Efek negatif dari konsumsi garam berlebihan pada fungsi kardiovaskular adalah pengetahuan umum bagi masyarakat luas. Meskipun begitu, kesadaran untuk menurunkan asupan dalam takaran yang sehat belum menjadi kesadaran kolektif. Umumnya, pembatasan garam dilakukan saat seseorang didiagnosis mengalami gangguan yang mengharuskannya melakukan diet garam. Masih banyak yang menganggap bahwa penyakit degeneratif seperti hipertensi, dan serangan jantung, adalah penyakit terkait usia meskipun sejumlah data menunjukkan banyaknya kasus penyakit kardiovaskular pada kelompok usia muda. Meskipun saat ini kesadaran untuk berolahraga meningkat, tidak berarti bahwa kelompok usia muda bisa lebih fleksibel dengan konsumsi garamnya. Karena, konsumsi garam berlebih tak hanya mempengaruhi sistem kardiovaskular saja, tetapi juga sistem imun.

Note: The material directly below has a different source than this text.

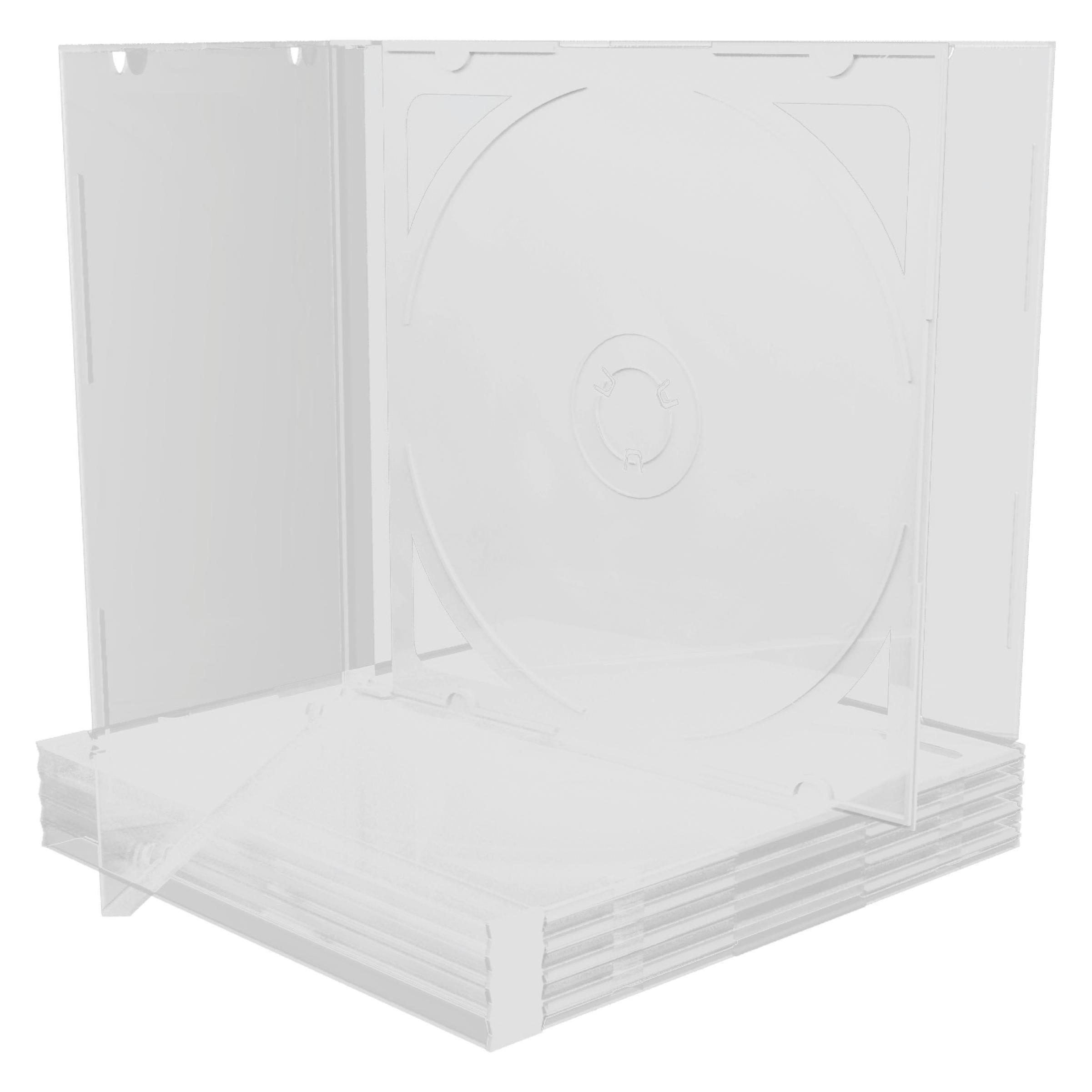 MediaRange CD-Leerhülle für 2 Discs transparentes Tray (BOX31-T-2)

Sebuah penelitian dari University Hospital of Bonn, Jerman, mendapatkan hasil penelitian yang tak terduga sebelumnya. Konsumsi garam berlebih ternyata memengaruhi kerja sistem imun pada ginjal manusia untuk membunuh bakteri, misalnya E. coli. Hasil ini disebut tidak terduga karena penelitian sebelumnya menunjukkan bahwa asupan garam berlebih memacu penyembuhan pada infeksi parasit di permukaan kulit. Hasil ini menunjukkan bahwa sel imun punya respons yang berbeda-beda terhadap kelebihan garam. Saat asupan garam berlebih, maka akumulasinya akan tinggi pada kulit yang berperan sebagai reservoir garam. Kondisi ini menguntungkan makrofag yang berperan dalam penyembuhan luka akibat parasit di kulit, karena aktivitasnya lebih baik dalam keadaan tinggi garam.

Tetapi hal berlawan terjadi dengan neutrofil yang aktif di ginjal. Asupan garam yang tinggi menyebabkan kemampuan sel ini menurun dan infeksi E. coli di ginjal menjadi lebih buruk. Tak hanya pada ginjal saja, asupan garam berlebihan juga menyebabkan infeksi bakteri Listeria di hati dan limpa juga menjadi lebih buruk. Penurunan kemampuan neutrofil ini terkait dengan glukokortikoid dan urea (yang merupakan produk buangan glukokortikoid) yang dilepaskan ginjal sebagai respons terhadap kadar garam yang berlebihan dalam darah.

Dengan temuan ini, kesadaran untuk memulai diet garam, harus dimulai sejak dini. Tak hanya untuk melindungi diri dari penyakit kardiovaskular di masa mendatang, tetapi juga dari penyakit infeksi yang saat ini berada dalam dilema, karena semakin meningkatnya kasus resistansi yang tidak diikuti dengan penemuan antibiotik baru. Perlindungan ginjal pun merupakan hal esensial dimulai sejak muda karena bagaimanapun, gangguan kardiovaskular erat kaitannya dengan fungsi ginjal. [Nurhajati Husen & Barrarah Bariid]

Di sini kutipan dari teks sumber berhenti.